Assemblywoman Russell to sponsor 'School Funding Equity Act;' announcement planned Friday
Thursday, January 31, 2013 - 5:36 pm

Assemblywoman Addie Russell (D-Theresa) will announce new legislation she is sponsoring, the School Funding Equity Act, at a news conference in Watertown Friday.

The equitable funding of school districts around the state has become a rallying cry for North Country educators and parents have seen their districts’ state funding reduced in recent years.

This year, even more cuts to staff and programs will be required on top of what has already been eliminated, while, critics charge, wealthier suburban school districts continue to receive levels of funding that have not required much in the way of sacrifice from them.

“I think we all realize this is a very important year to make meaningful change,” said Russell at a Jan. 3 meeting at Canton Central School where state legislators were invited to talk about the situation.

“But we can’t just go out and say ‘Spend Money.’ We can’t spend much more, but we can reallocate it,” Russell said.

Russell has revealed no details of her plan yet.

However, the issue has been much discussed in the North Country before and since Gov. Andrew Cuomo delivered his budget message earlier this month.

Many school administrators and parents say Cuomo did not address the concerns of school districts in St. Lawrence County and around the state that believe they are nearing financial bankruptcy and will be unable to deliver the level of education they are obliged to provide.

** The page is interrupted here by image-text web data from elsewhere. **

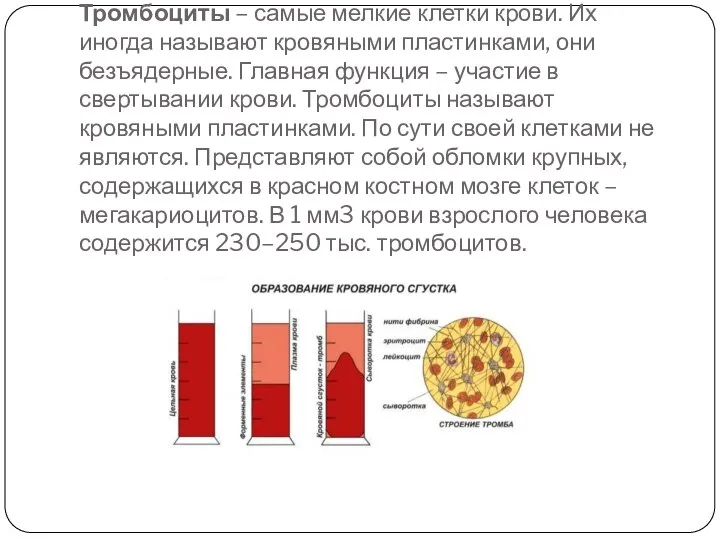 Тромбоциты – самые мелкие клетки крови. Их иногда называют кровяными пластинками,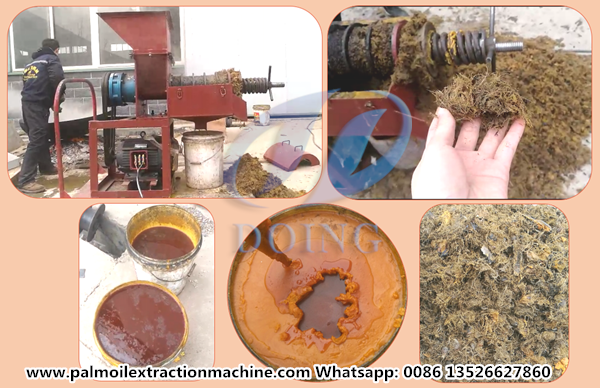 palm oil expeller machine 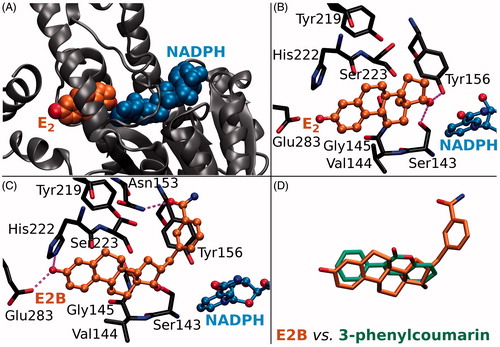 Figure 1. The ligand binding at the active site of 17-β-hydroxysteroid dehydrogenase 1. (A) Oestradiol (E2; orange backbone) and oxidised cofactor nicotinamide adenine dinucleotide phosphate (NADP; blue) are shown as CPK models in complex with the HSD1 structure (grey cartoon; PDB: 1A27). (B) The H-bonding between E2 (ball-and-stick models with orange backbone) and the residues lining the active site (stick model with black backbone) are shown with magenta dotted lines. The substrate oestrone (E1) acquires a proton (or H+) from NADPH, the reduced form of the cofactor, via the hydroxyl group of Tyr156 (E2 + NADP+ + ⇌ E1 + NADPH), which is H-bonding with the 17-keto group of the reaction product E2. (C) Inhibitor E2B (ball-and-stick model with orange backbone; PDB: 3HB5)Citation25 binding at the HSD1 active site blocks E2 binding (B vs. C). (D) The 3-phenyl and coumarin rings of the docked analogues (stick model with green backbone) align in a roughly similar manner inside the active site as the steroid ring of E2B (stick model with orange backbone).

At the Jan. 3 panel in Canton, which included Assemblyman Marc Butler (R-Newport) and Sen. Patty Ritchie (R-Heuvelton), participants agreed that if anything significant is going to happen to help North Country schools this year, it has to be worked out in the state budget,

Russell and Butler agreed that the long term solution to the problem is to get the current school aid formula changed through legislation, but considering the workings of the two legislative bodies and the interests of legislators whose districts include schools who could lose funding under a new formula, it will not be an easy task.

“Other school districts will have to feel a little bit of the pain we’re feeling here,” Russell said. “Some of those school districts have not had to make any program cuts. They should not expect the same level of funding they have been getting.”